UABDivulga - Barcelona recerca i innovació

Federated learning (FL) makes it possible to implement machine learning algorithms in a distributed fashion. The objective of machine learning systems is to train a model from a set of data. In this sense, FL provides a framework where these data are distributed among different locations (e.g., devices) or clients that generate local models trained from their own data. A central server trains a global model by aggregating these local models through a process that is usually iterative: the server sends the global model to the clients, which in turn send model updates based on their data and local models, and so on until the global model converges.

One of the most attractive points of FL systems is that the data used to train the final model never leaves the client device. This guarantees a certain level of privacy if these data contain private information. This is one of the main reasons why companies such as Google are starting to use FL (for example to train a predictive text system from the Gboard application).

However, the privacy provided by FL may be illusory. Recent research has shown that FL can indeed present privacy issues. For example, it is possible to infer private information from the updates that each client sends to the server. Moreover, private information can be leaked from the global model depending on how the models or updates that each client contributes are aggregated.

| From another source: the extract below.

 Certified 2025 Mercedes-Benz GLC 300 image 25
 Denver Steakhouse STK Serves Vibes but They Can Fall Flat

In this paper, we focus on a type of algorithm known as Particle Swarm Optimization (PSO). In PSO we have a set of agents with a position in the solution space, and the goal is to search for an optimal solution among all of them. The name is inspired by the fact that we can consider each agent (possible solution) as a particle. Each particle improves its position until they all converge at the same point, the optimal solution.

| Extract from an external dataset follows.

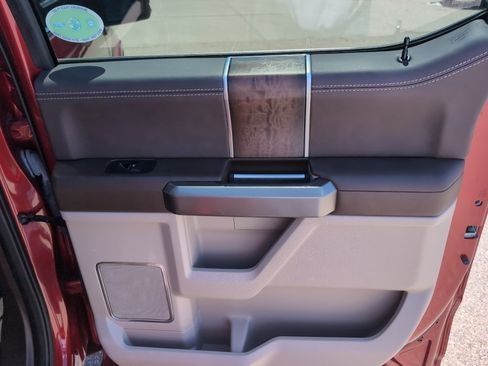 Used 2019 Ford F150 Limited w/ Trailer Tow Package AWD/4WD image 17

The article proposes solutions to guarantee privacy both in the data sent by each client and in the aggregation performed by the final node. For this purpose, techniques based on the differential privacy principle are used to obtain strong privacy guarantees. Our experiments show that the same solution can be obtained under differential privacy as in the non-private case, although this leads to a slightly longer convergence time. That is, it takes a little longer to obtain the solution, but we can give guarantees on the private information that can be leaked in the whole process.